WHAT IS BEING ASKED: Omit any pictures, and restate word for word only the lines from the one with "this 1200×800 image." through the end of the data below.

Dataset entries
━━━━━━━━
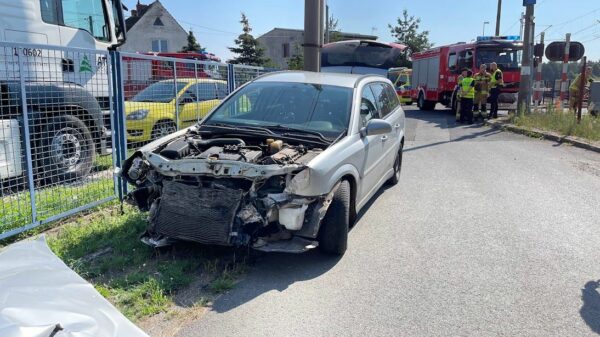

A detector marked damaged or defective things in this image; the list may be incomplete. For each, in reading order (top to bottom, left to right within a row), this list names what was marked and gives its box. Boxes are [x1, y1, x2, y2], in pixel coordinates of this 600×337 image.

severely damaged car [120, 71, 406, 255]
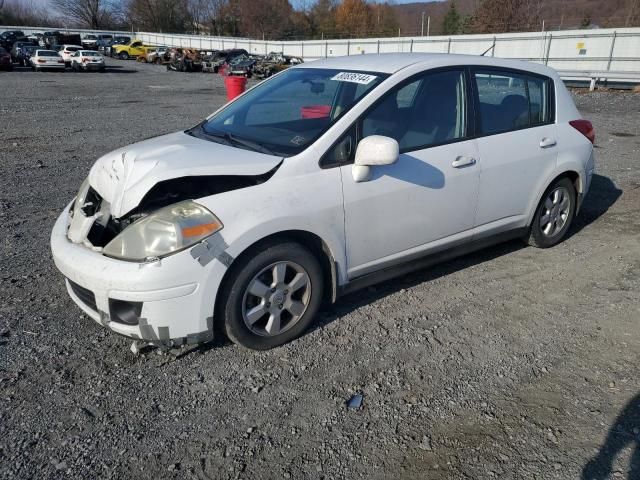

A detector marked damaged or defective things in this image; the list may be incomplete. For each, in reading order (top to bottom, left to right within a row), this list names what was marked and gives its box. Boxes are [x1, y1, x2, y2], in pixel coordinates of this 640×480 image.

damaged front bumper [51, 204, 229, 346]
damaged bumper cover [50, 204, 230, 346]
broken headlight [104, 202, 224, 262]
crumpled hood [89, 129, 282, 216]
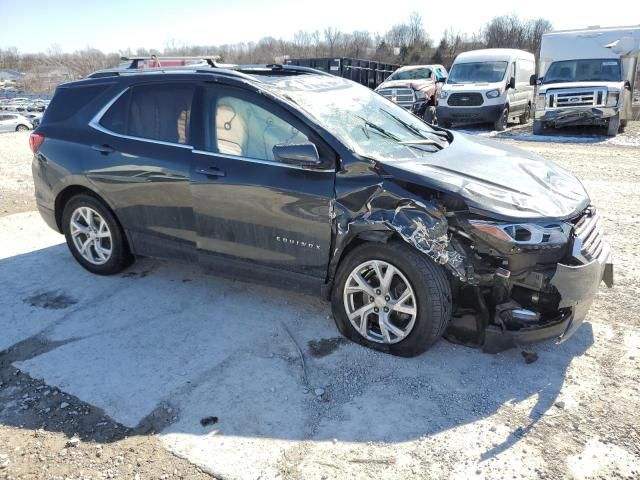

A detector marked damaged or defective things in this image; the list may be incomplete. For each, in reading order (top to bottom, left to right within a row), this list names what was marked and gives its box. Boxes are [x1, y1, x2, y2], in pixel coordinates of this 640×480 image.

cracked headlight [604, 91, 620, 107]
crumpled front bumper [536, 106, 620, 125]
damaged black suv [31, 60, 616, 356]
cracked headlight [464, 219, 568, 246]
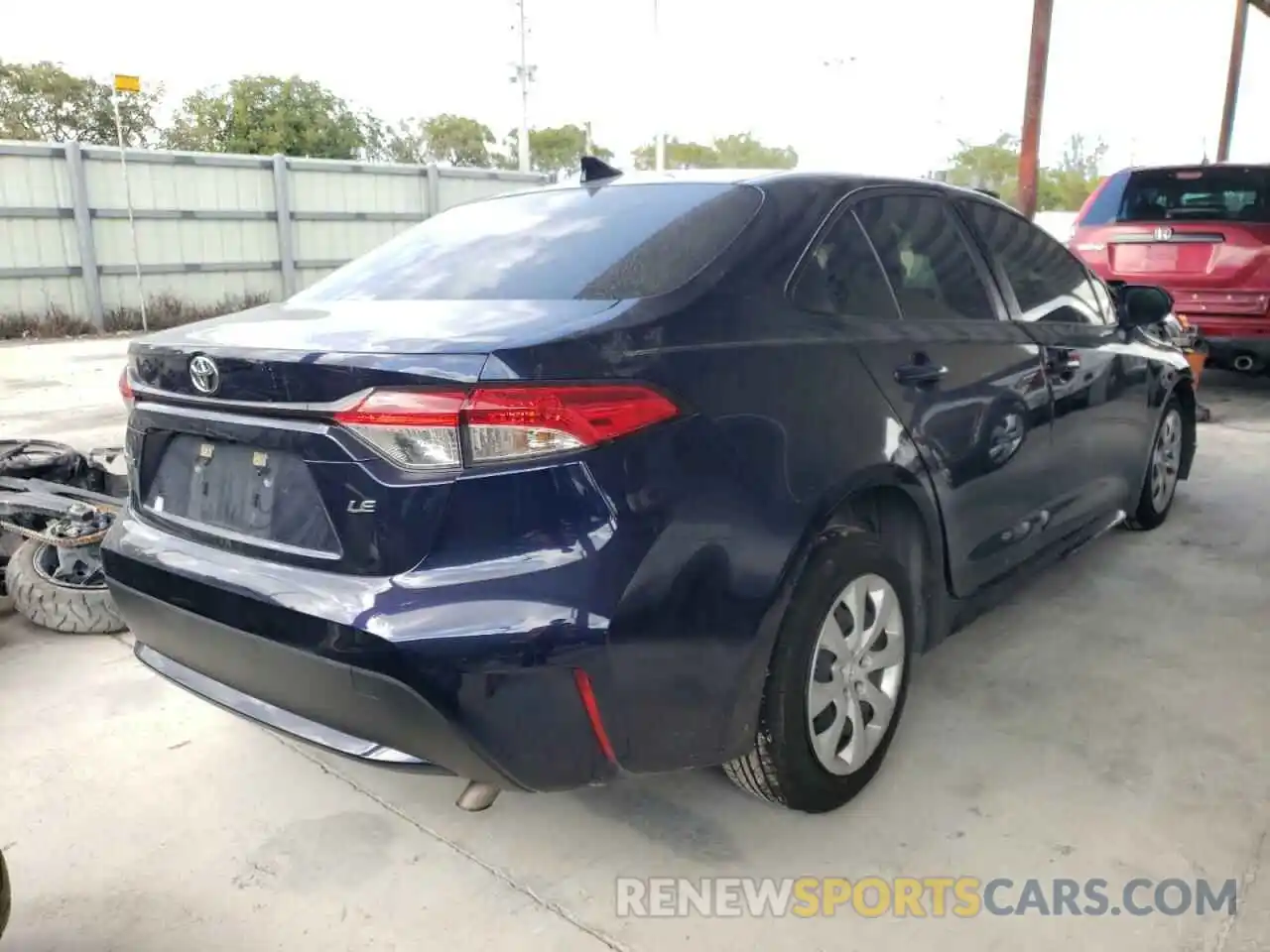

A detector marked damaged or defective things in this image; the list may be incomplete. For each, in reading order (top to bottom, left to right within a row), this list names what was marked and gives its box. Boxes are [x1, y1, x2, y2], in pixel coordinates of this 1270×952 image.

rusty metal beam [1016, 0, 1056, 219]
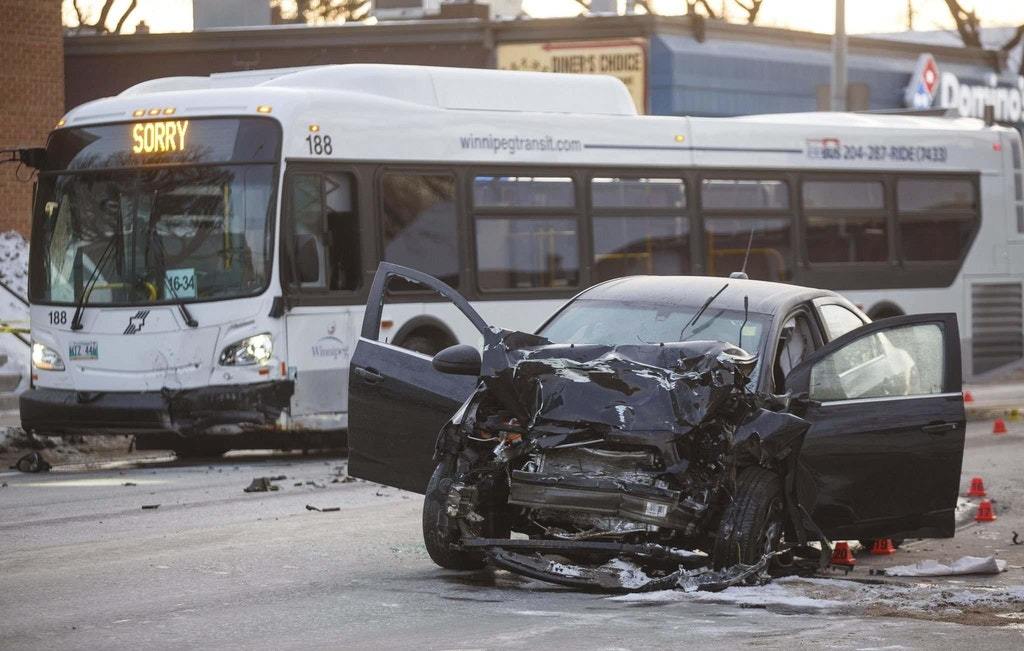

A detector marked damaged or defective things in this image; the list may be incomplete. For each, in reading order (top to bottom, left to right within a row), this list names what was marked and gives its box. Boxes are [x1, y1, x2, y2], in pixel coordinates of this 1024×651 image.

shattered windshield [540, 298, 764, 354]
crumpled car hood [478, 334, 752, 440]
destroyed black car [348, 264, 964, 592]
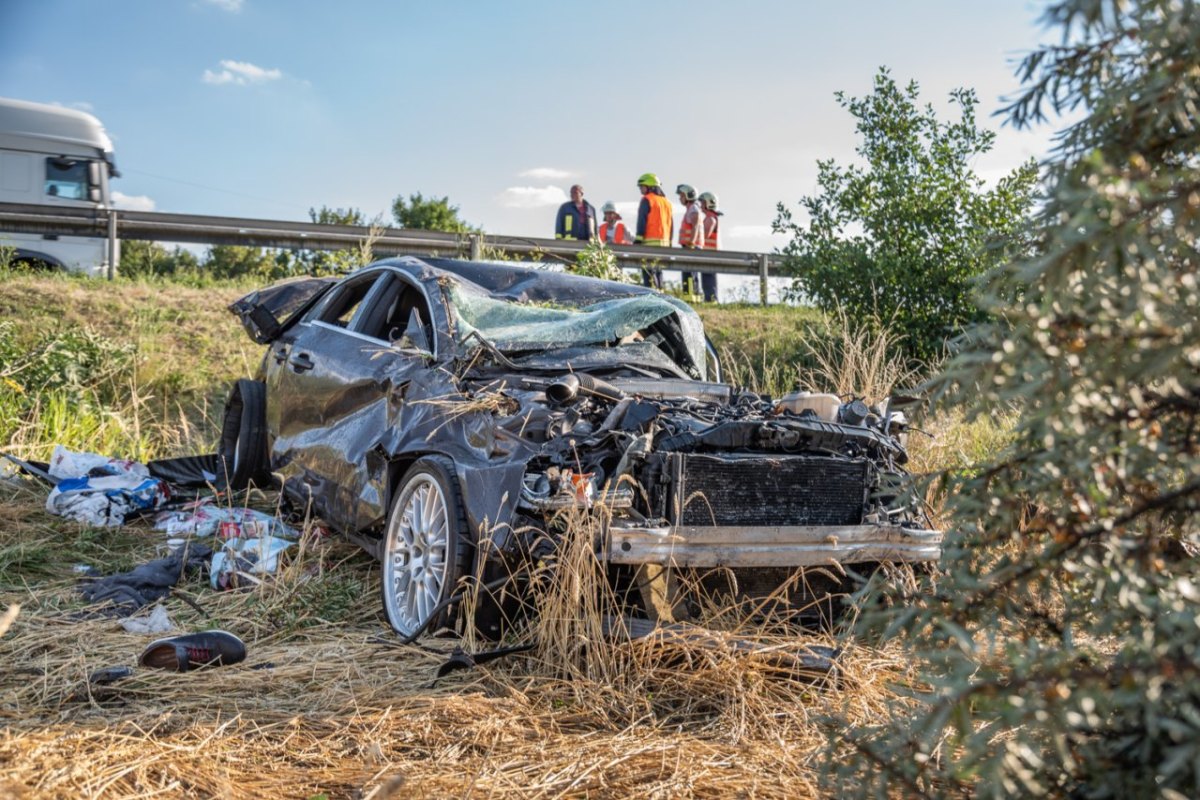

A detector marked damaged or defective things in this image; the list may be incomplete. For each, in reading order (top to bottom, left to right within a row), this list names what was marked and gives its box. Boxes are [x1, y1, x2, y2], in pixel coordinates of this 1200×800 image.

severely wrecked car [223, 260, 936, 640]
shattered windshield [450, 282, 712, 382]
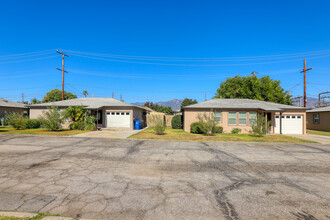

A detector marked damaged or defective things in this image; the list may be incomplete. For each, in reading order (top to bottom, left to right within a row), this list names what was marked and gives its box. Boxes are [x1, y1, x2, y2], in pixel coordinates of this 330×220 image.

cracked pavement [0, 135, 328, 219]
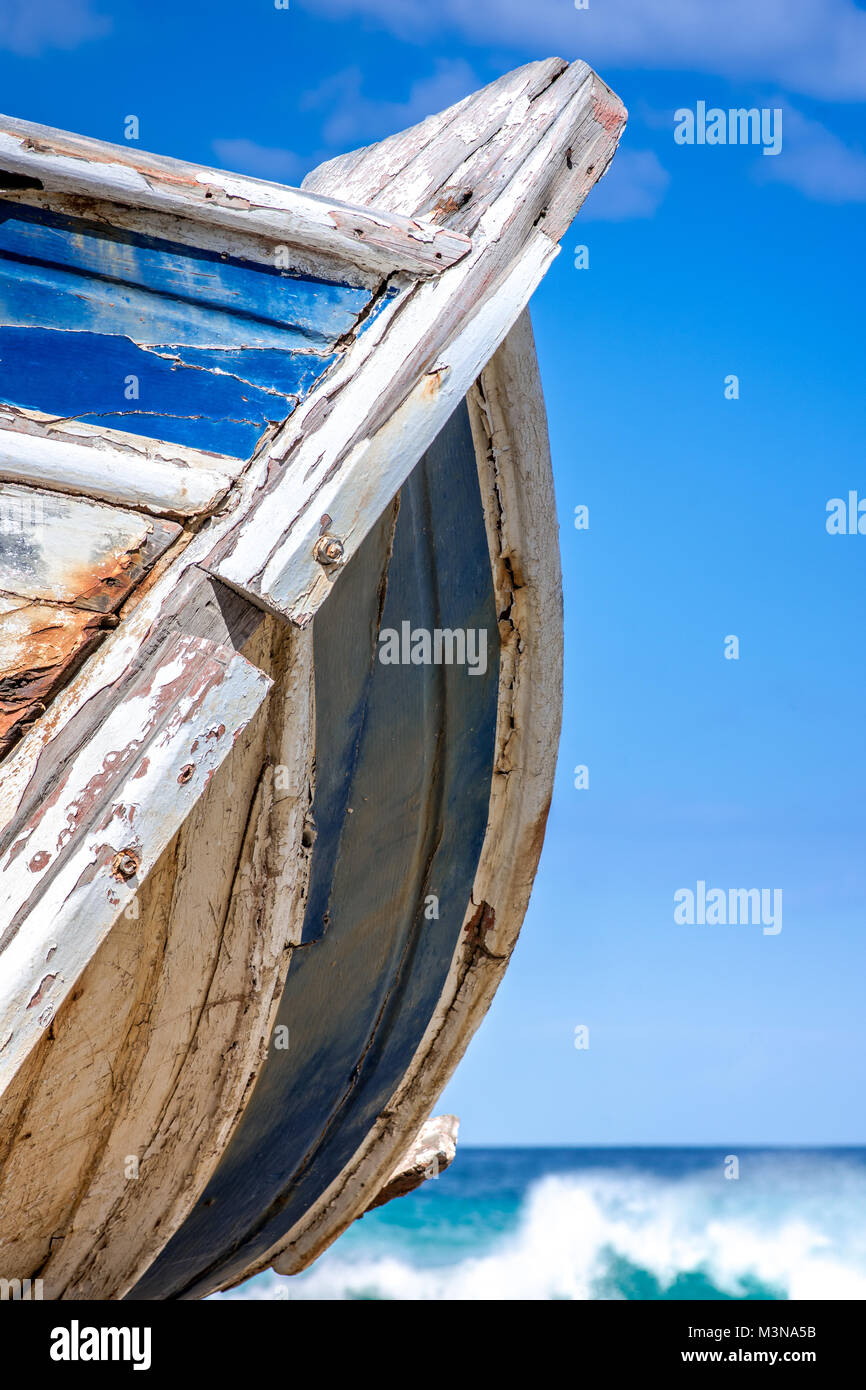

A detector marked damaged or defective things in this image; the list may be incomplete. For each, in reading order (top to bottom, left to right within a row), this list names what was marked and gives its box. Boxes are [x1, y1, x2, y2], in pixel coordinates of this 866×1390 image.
━━━━━━━━
EXERCISE RESULT:
A detector marked damaged or defective things in this image; the list may be incomplete. For each, in reading order (top to bottom, left to right within a row), this list names what was marked and gives its box. Boxes are [x1, y1, x2, y2], in pixel coordinates of this 1200×800 image.

severely wrecked car [223, 260, 936, 640]
shattered windshield [450, 282, 712, 382]

A detector marked damaged or defective things in this image; the list may be incomplete. For each, in reading order (top to bottom, left to right within a row), this list names what was marked and gives its box. Boxes are [x1, y1, x2, y2], in pixel coordinates of this 330×220 image.

cracked pavement [0, 135, 328, 219]

A detector marked damaged or defective things in this image; the list may be incomplete. For each, in reading order (top to bottom, left to right within a row), this list names what was marked and gives its box. Boxes are [x1, y1, x2, y2], in pixel coordinates of this 866×1390 image.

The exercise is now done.